Credit:
AAAS
Still, the quantitative survey results among those journalists were pretty one-sided. On the question of whether the ChatGPT summaries “could feasibly blend into the rest of your summary lineups, the average summary rated a score of just 2.26 on a scale of 1 (“no, not at all”) to 5 (“absolutely”). On the question of whether the summaries were “compelling,” the LLM summaries averaged just 2.14 on the same scale. Across both questions, only a single summary earned a “5” from the human evaluator on either question, compared to 30 ratings of “1.”
Not up to standards
Writers were also asked to write out more qualitative assessments of the individual summaries they evaluated. In these, the writers complained that ChatGPT often conflated correlation and causation, failed to provide context (e.g., that soft actuators tend to be very slow), and tended to overhype results by overusing words like “groundbreaking” and “novel” (though this last behavior went away when the prompts specifically addressed it).
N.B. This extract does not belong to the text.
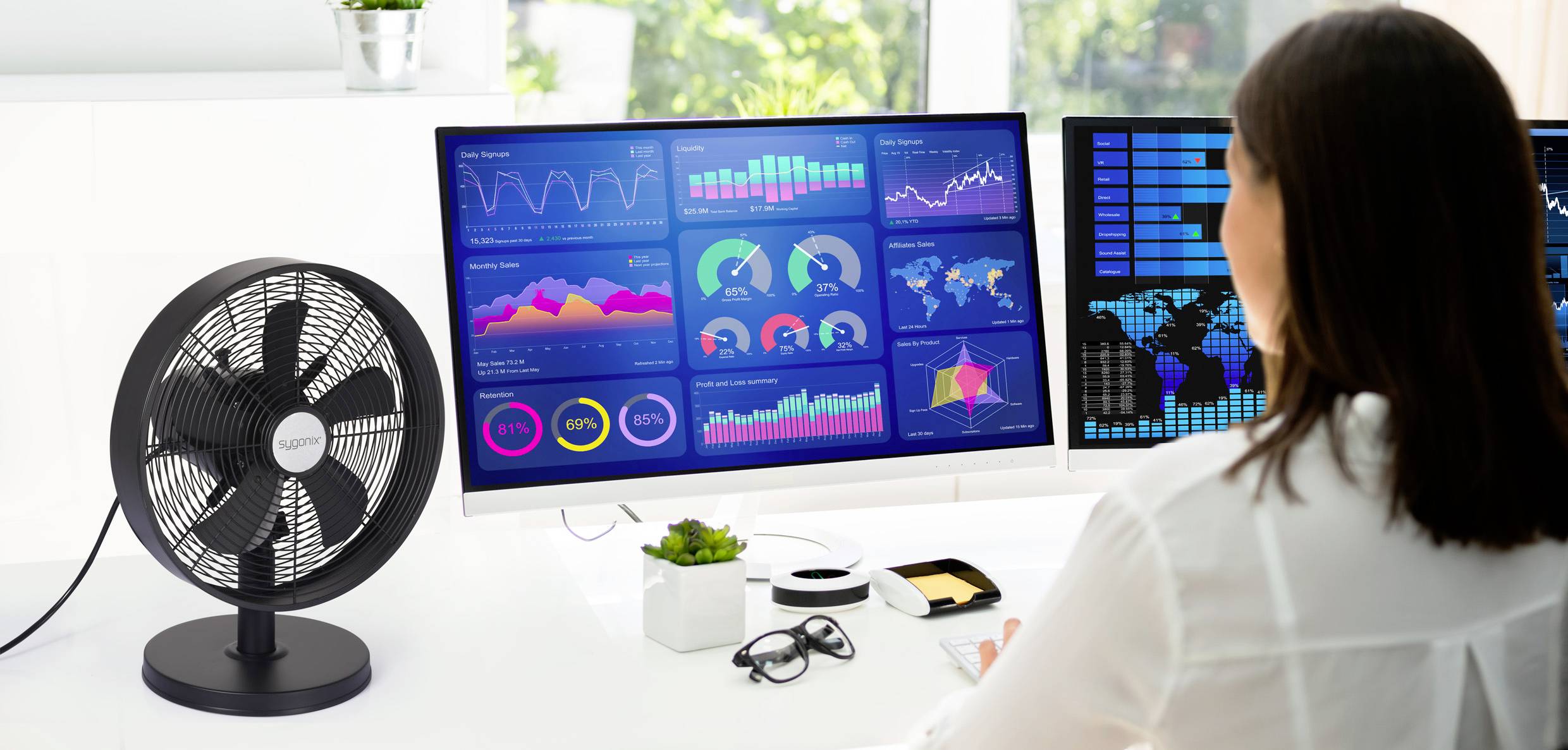 Standventilator im Besprechungsraum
Overall, the researchers found that ChatGPT was usually good at “transcribing” what was written in a scientific paper, especially if that paper didn’t have much nuance to it. But the LLM was weak at “translating” those findings by diving into methodologies, limitations, or big picture implications. Those weaknesses were especially true for papers that offered multiple differing results, or when the LLM was asked to summarize two related papers into one brief.
Credit:
AAAS
While the tone and style of ChatGPT summaries were often a good match for human-authored content, “concerns about the factual accuracy in LLM-authored content” were prevalent, the journalists wrote. Even using ChatGPT summaries as a “starting point” for human editing “would require just as much, if not more, effort as drafting summaries themselves from scratch” due to the need for “extensive fact-checking,” they added.
These results might not be too surprising given previous studies that have shown AI search engines citing incorrect news sources a full 60 percent of the time. Still, the specific weaknesses are all the more glaring when discussing scientific papers, where accuracy and clarity of communication are paramount.
In the end, the AAAS journalists concluded that ChatGPT “does not meet the style and standards for briefs in the SciPak press package.” But the white paper did allow that it might be worth running the experiment again if ChatGPT “experiences a major update.” For what it’s worth, GPT-5 was introduced to the public in August.